Brief: All pictures are to be skipped; retype only the lines from the top of the entries through the line with "下集攝製隊直擊「刺身姐」翻找", both included.

======== The records

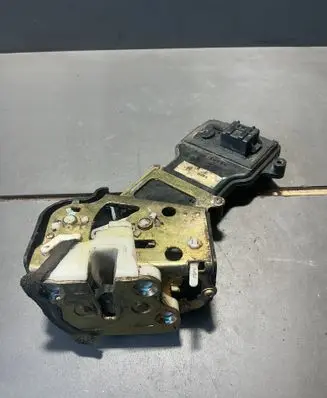 Mazda 6 Front door lock 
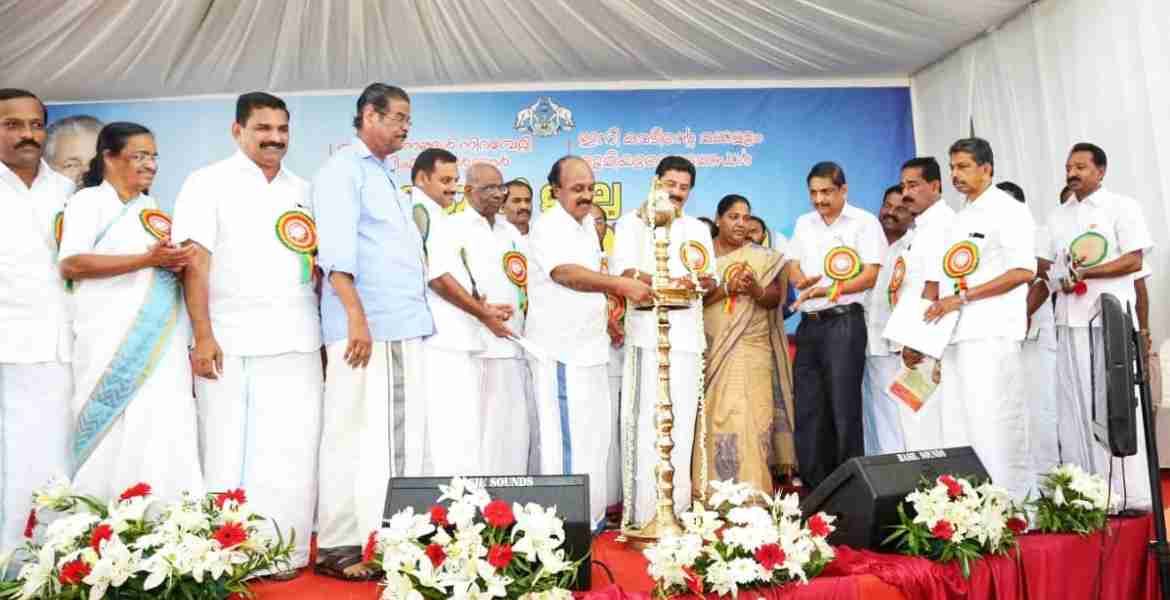 കട്ടപ്പനയിൽ മെഗാ പട്ടയമേള റവന്യൂ മന്ത്രി ഇ.ചന്ദ്രശേഖരൻ ഉത്ഘാനം ചെയ്യുന്നു. വൈദ്യുതി മന്ത്രി എം എം മണി, ജില്ലാ പഞ്ചായത്ത്പ്രസിഡന്റ്ൻ കൊച്ചുത്രേസ്യാ പൗലോസ്, നഗരസഭ ചെയർമാൻ ജോയി വെട്ടിക്കുഴി, ഡീൻ കുര്യാക്കോസ് എം പി, റോഷി അഗസ്റ്റിൻ എം എൽ എ , ഇ എസ് ബിജിമോൾ എംഎൽഎ, ജില്ലാ കളക്ടർ എച്ച് ദിനേശൻ മറ്റ് ജനപ്രതിനിധികൾ തുടങ്ങിയവർ സമീപം.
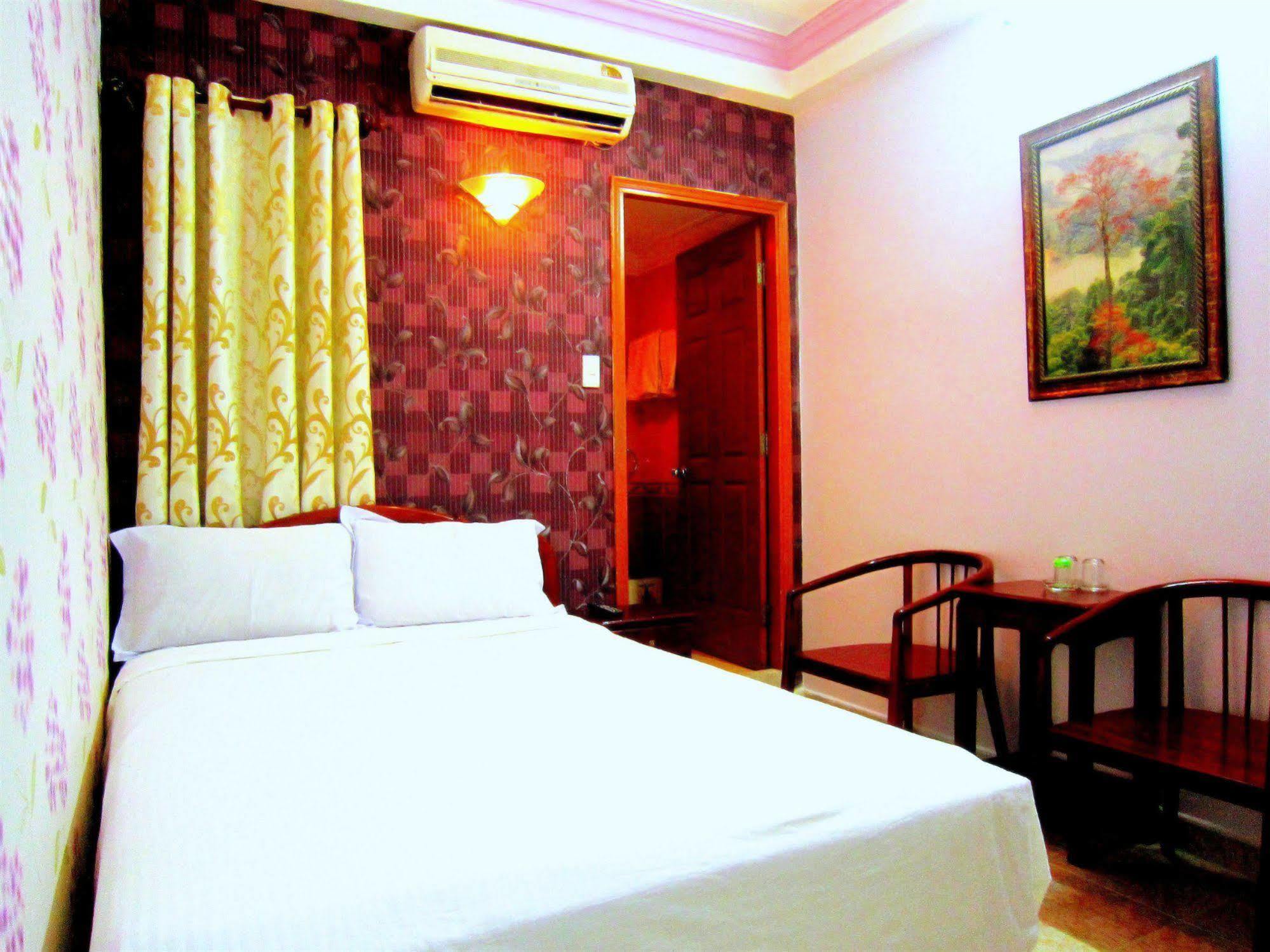 Thuy Tien Hotel Hô Chi Minh-Ville Extérieur photo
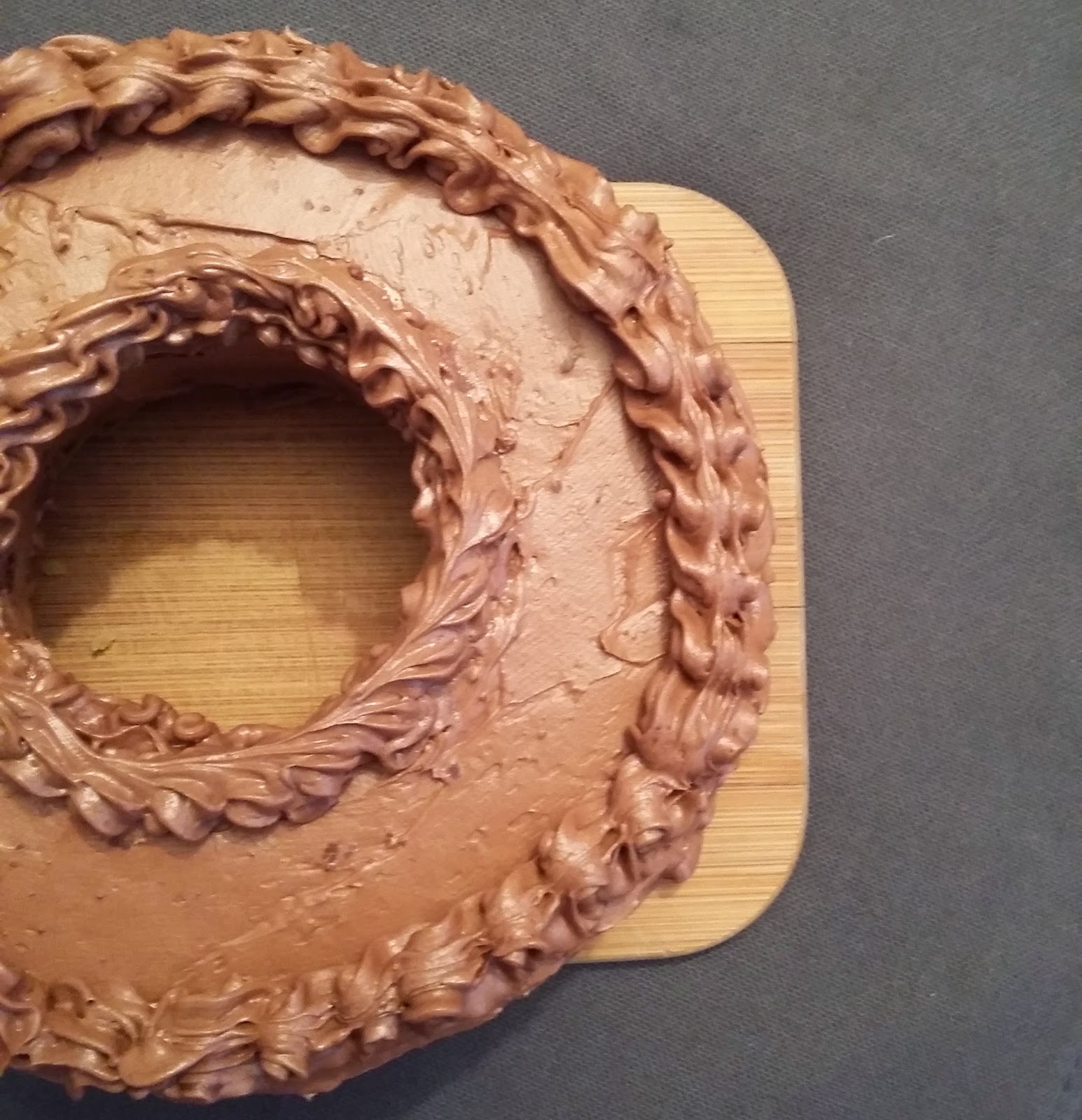 Thriving in Belgium with a Paleo Lifestyle Chocolate Ghee Cream {Paleo Chocolate ButterCream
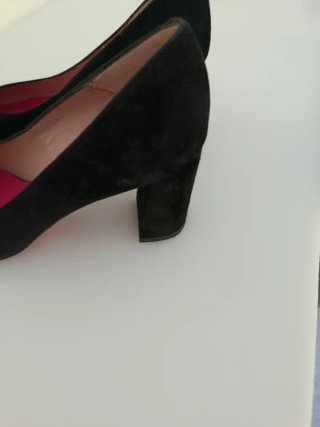 Zapatos de ante negros tacón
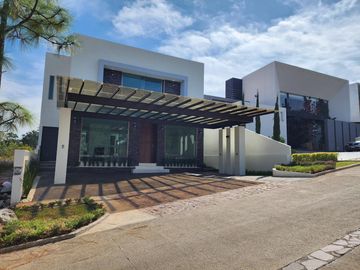 Casa en Venta en  Altozano Fraccionamiento Encinar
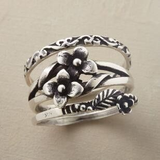 Retro Silver Ring with Layered Flowers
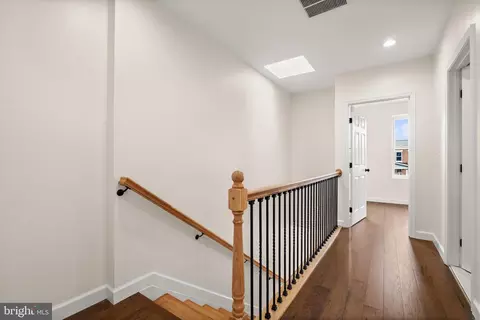 Entry Way - 2815 W Cold Spring Ln W, Baltimore, MD 21215 photo 4 of 7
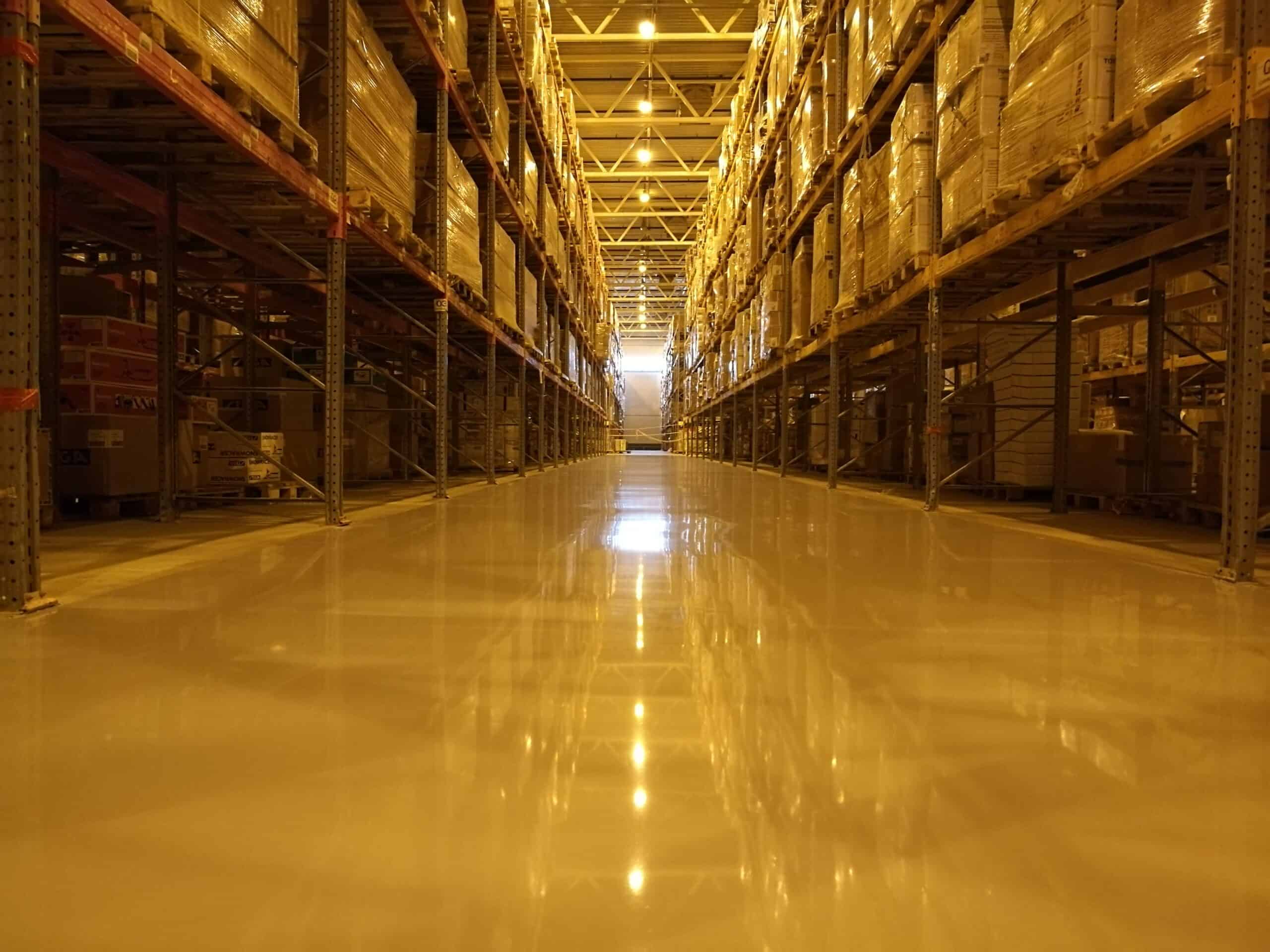 Окрасочные полы для складов 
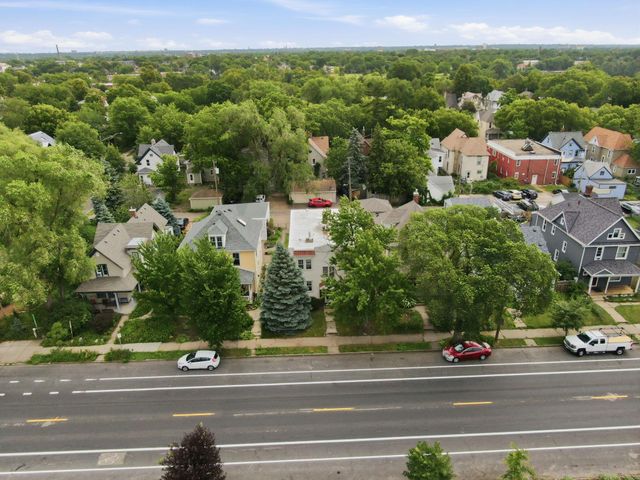 3215 Chicago Avenue S, Minneapolis, MN 55407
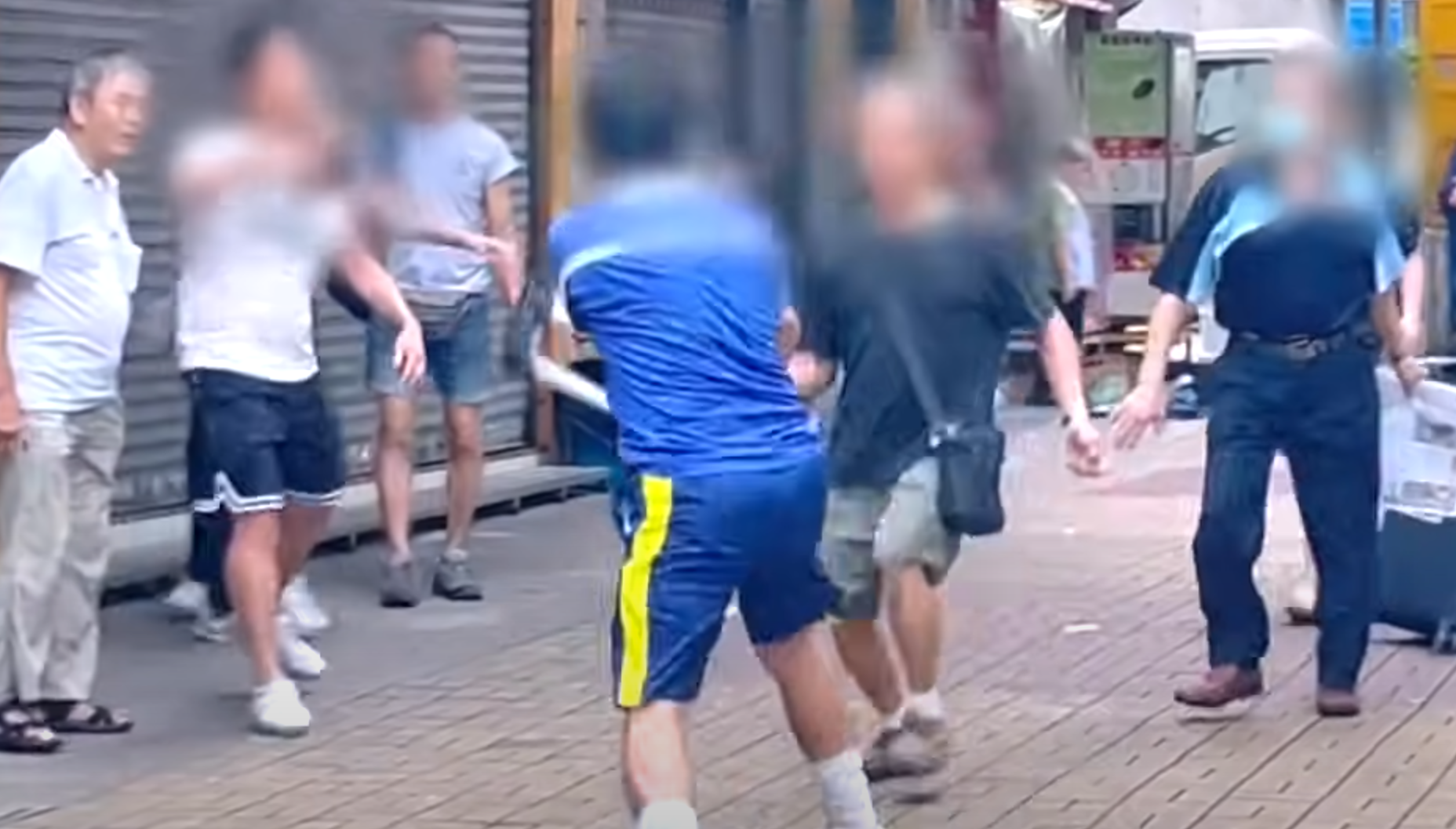 下集攝製隊直擊「刺身姐」翻找垃圾房,亦當面追問「填鴨姐」及「刺身姐」,及後會提及攝製隊被天光墟無牌攤販襲擊受傷一事。(東張西望截圖)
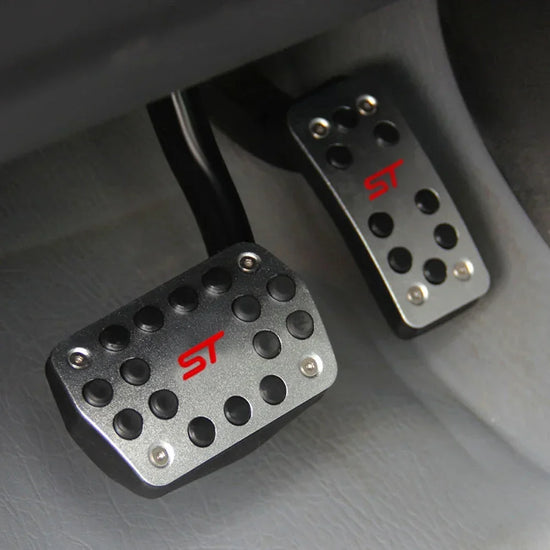🚗 Set Pedali Sportivi in Alluminio per Ford Focus MK2/MK3/Kuga/Escape (2005–2019) – Compatibili con Cambio Manuale & Automatico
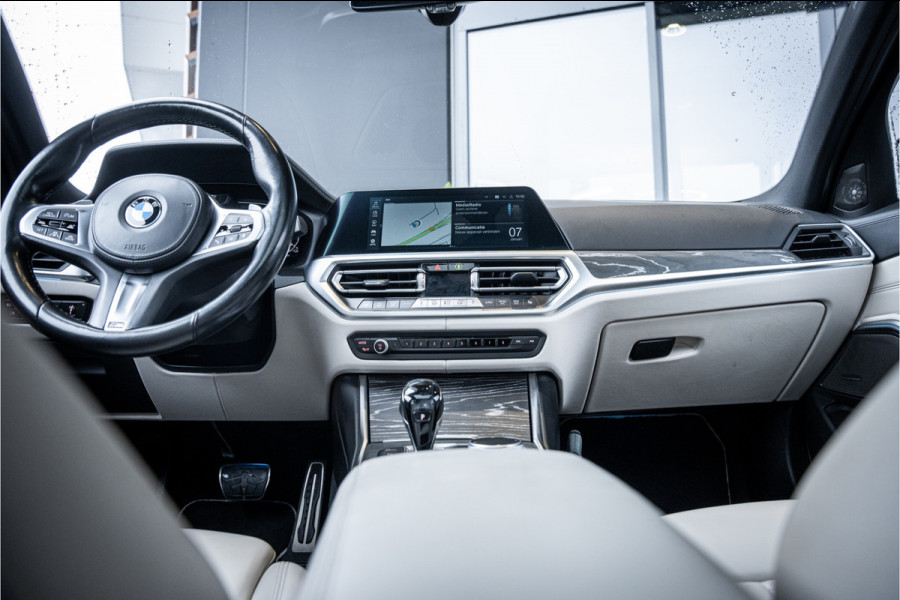 BMW 3-serie 330e High Executive - M Sport | Panorama | H&K | Memory | ACC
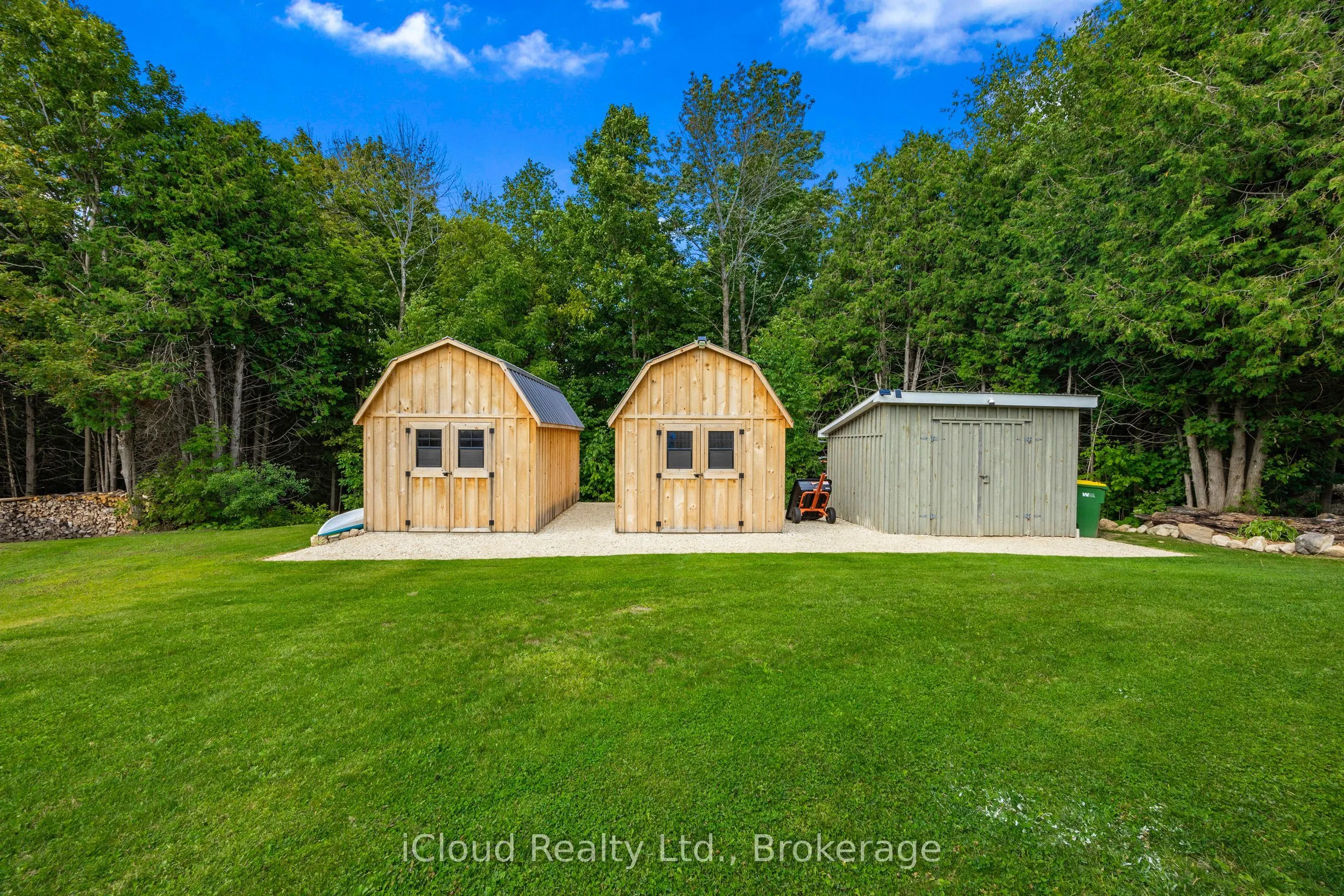 414156 41 b sideroad Street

================

The answer:
 Mazda 6 Front door lock 
 കട്ടപ്പനയിൽ മെഗാ പട്ടയമേള റവന്യൂ മന്ത്രി ഇ.ചന്ദ്രശേഖരൻ ഉത്ഘാനം ചെയ്യുന്നു. വൈദ്യുതി മന്ത്രി എം എം മണി, ജില്ലാ പഞ്ചായത്ത്പ്രസിഡന്റ്ൻ കൊച്ചുത്രേസ്യാ പൗലോസ്, നഗരസഭ ചെയർമാൻ ജോയി വെട്ടിക്കുഴി, ഡീൻ കുര്യാക്കോസ് എം പി, റോഷി അഗസ്റ്റിൻ എം എൽ എ , ഇ എസ് ബിജിമോൾ എംഎൽഎ, ജില്ലാ കളക്ടർ എച്ച് ദിനേശൻ മറ്റ് ജനപ്രതിനിധികൾ തുടങ്ങിയവർ സമീപം.
 Thuy Tien Hotel Hô Chi Minh-Ville Extérieur photo
 Thriving in Belgium with a Paleo Lifestyle Chocolate Ghee Cream {Paleo Chocolate ButterCream
 Zapatos de ante negros tacón
 Casa en Venta en  Altozano Fraccionamiento Encinar
 Retro Silver Ring with Layered Flowers
 Entry Way - 2815 W Cold Spring Ln W, Baltimore, MD 21215 photo 4 of 7
 Окрасочные полы для складов 
 3215 Chicago Avenue S, Minneapolis, MN 55407
 下集攝製隊直擊「刺身姐」翻找垃圾房,亦當面追問「填鴨姐」及「刺身姐」,及後會提及攝製隊被天光墟無牌攤販襲擊受傷一事。(東張西望截圖)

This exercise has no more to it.